His houses, in fact, are his only weakness, according to Kanagat, who calls Gupta an amateur architect. He is said to have spent considerable time personally designing the house in Florida, expanding his Westport residence and remodelling the Colorado home.
Gupta, ironically, wanted to get into politics after IIT Delhi, according to Chandra Kiran, his classmate and close friend from those years. Kiran, a retired IBM executive, now based in a Toronto suburb, recalls both of them had talked about working for social change in India. They were talked out of it and advised to go abroad for further studies by their economics professor, who is now a well-known politician. That's right, Subramanian Swamy.
Late last year, a few dozen friends of Gupta's got together in New York and decided to create a platform for his supporters and well-wishers.
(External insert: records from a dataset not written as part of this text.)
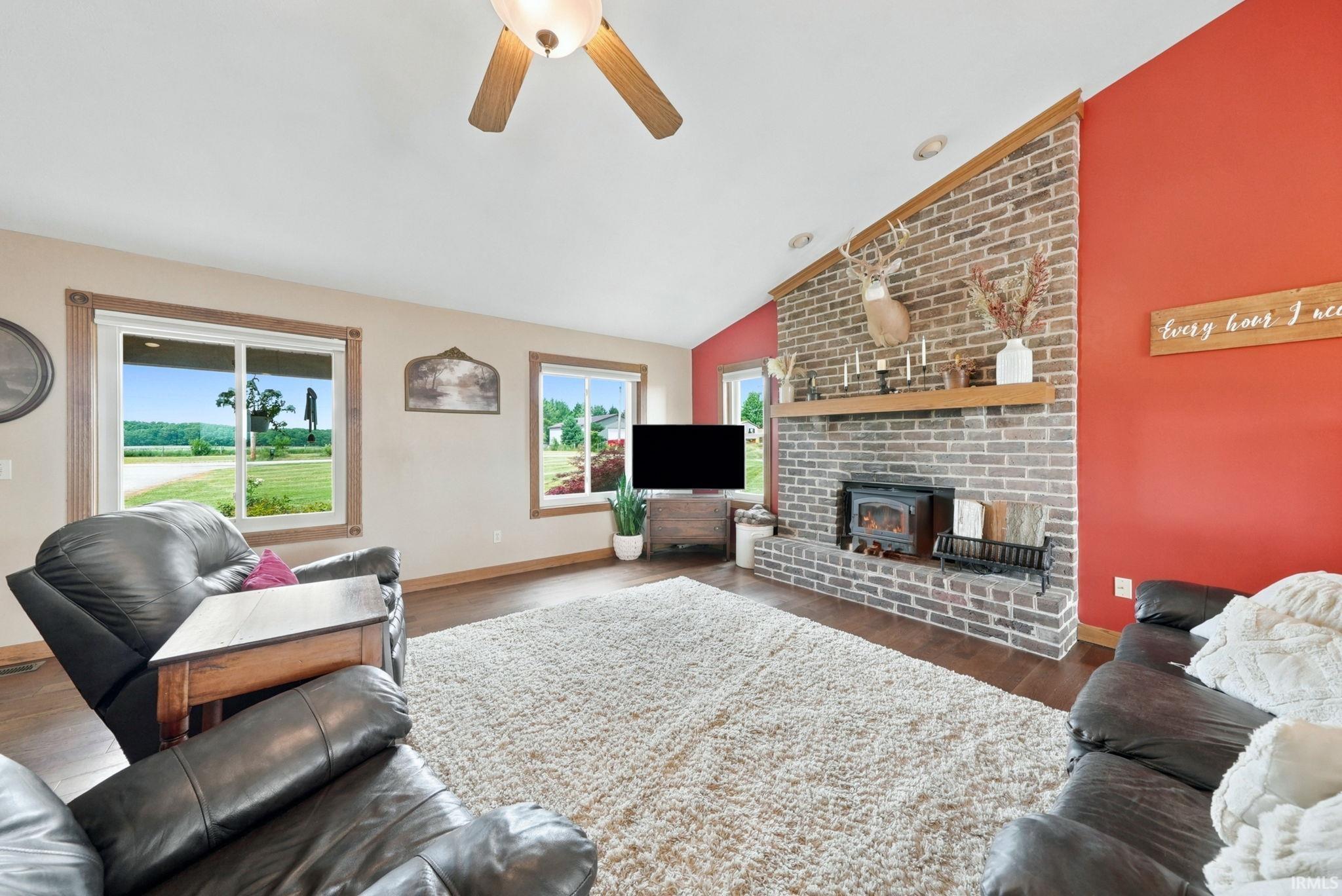 Photo 11 of 4386 E 500 N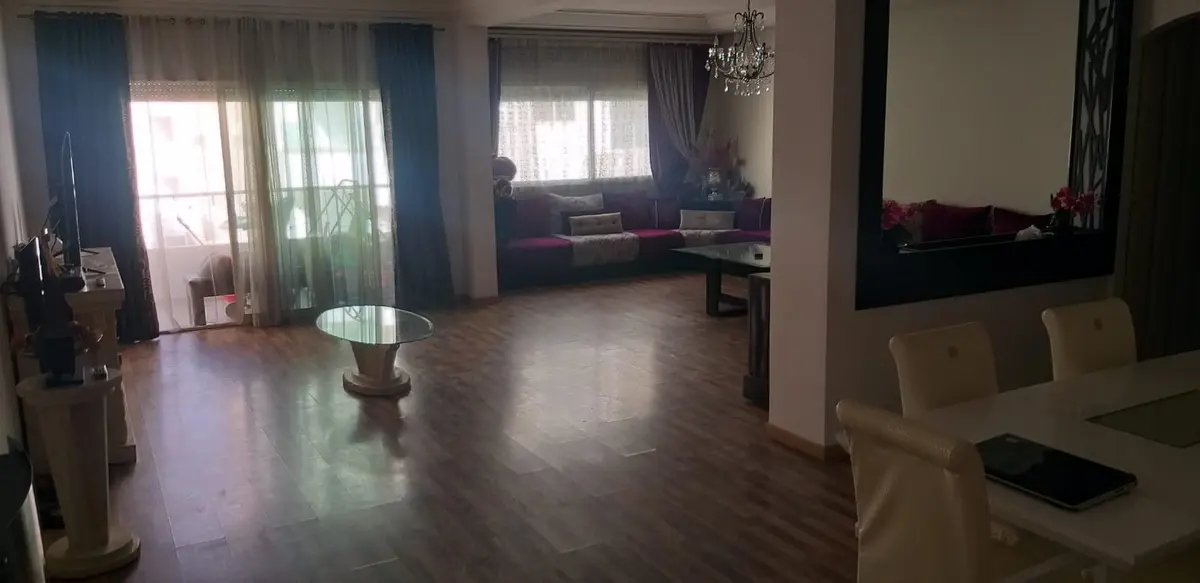 Appartement 4 chambres à louer à Fès — 1 750 000 DH/mois - Photo 1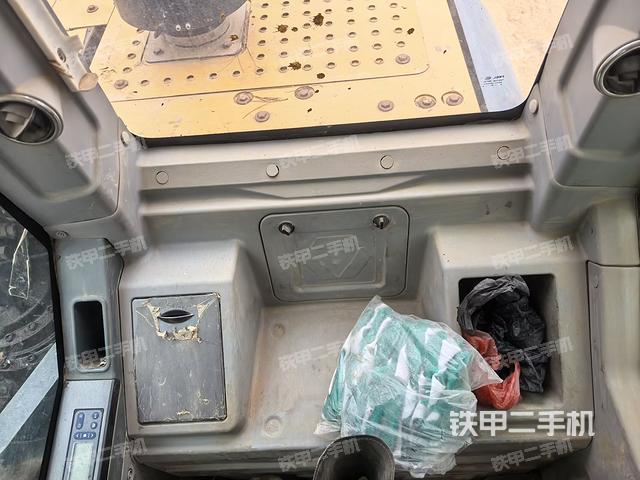 后窗玻璃角標(biāo)（駕駛室部分）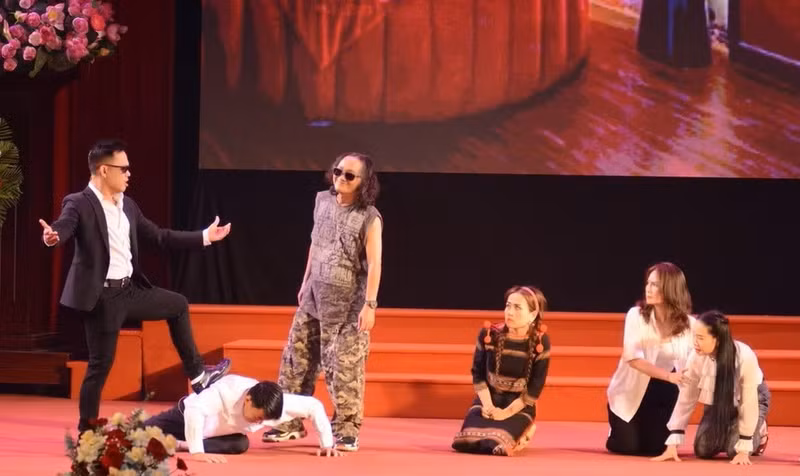A short skit promoting the prevention and combating of human trafficking in Hue City. (Photo: VNA)
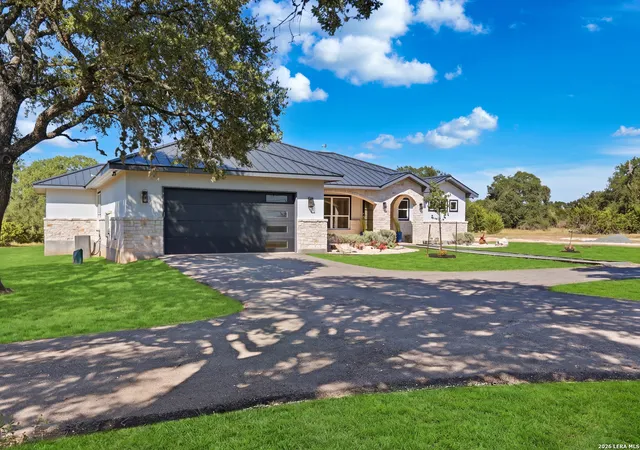 3rd image of 208 River Rdg, Boerne, TX 78006 | MLS# 2006055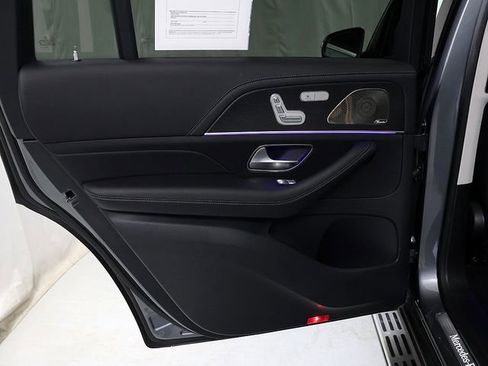 Certified 2026 Mercedes-Benz GLS 450 4MATIC image 31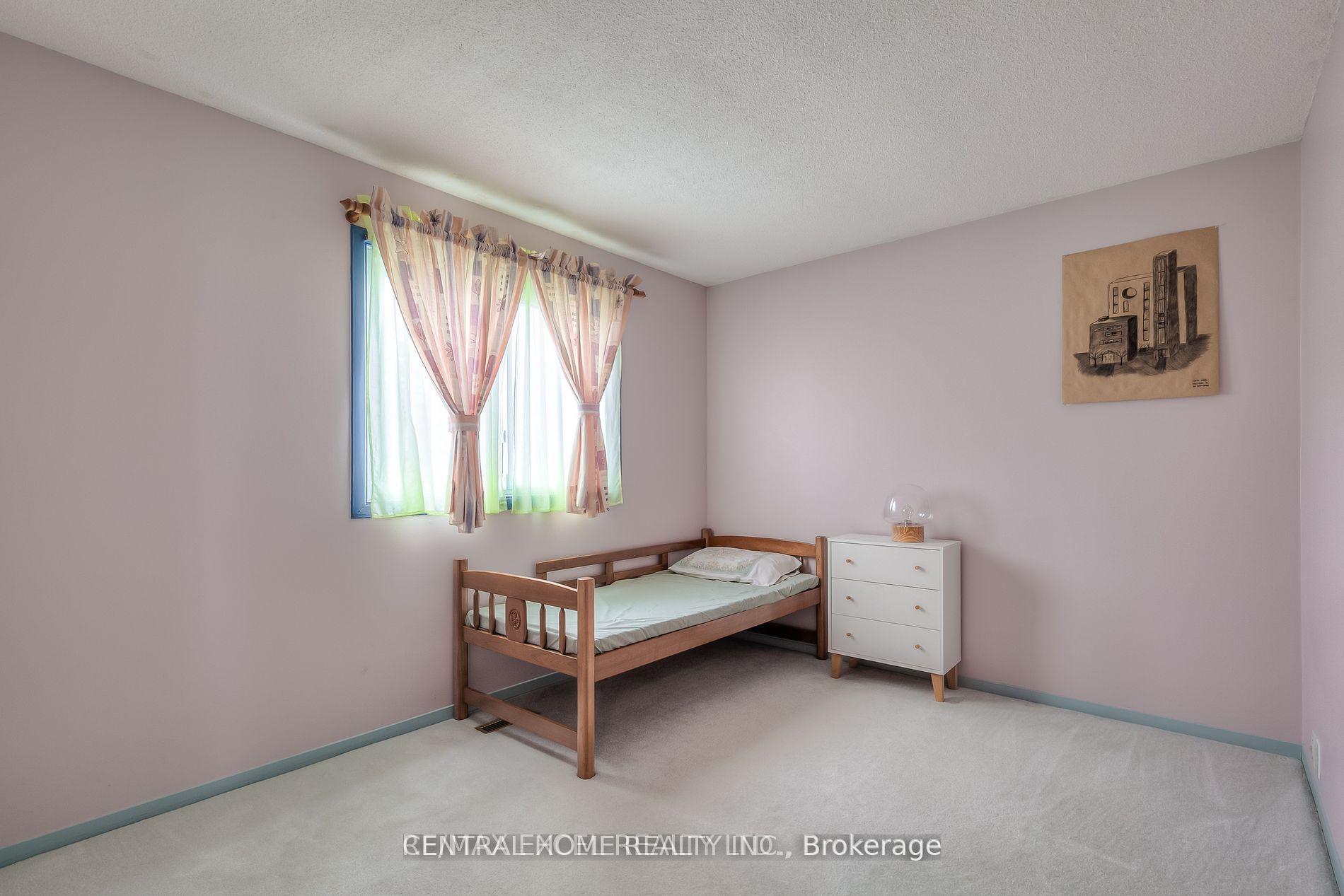 Photo 25 of 67 Tunney Crescent, Markham, Raymerville — HOMEH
The result was the website Friendsofrajat. com, which went online in January. Among those who have posted messages of support for Gupta on the website are Indian industrialist Mukesh Ambani and Sabeer Bhatia, the founder of Hotmail.
Gupta will need all the help he can get. His legal defence is expected to cost at least $5 million (Rs 25 crore). But the popular mood, in the wake of the 'Occupy Wall Street' protests and the current economic situation, is not exactly sympathetic to high-flying corporate executives. Former judge Holwell notes that "the government usually wins in criminal trials".
The legal courts will decide whether Gupta acted in a criminal manner, but his reputation has already been battered in the court of public opinion.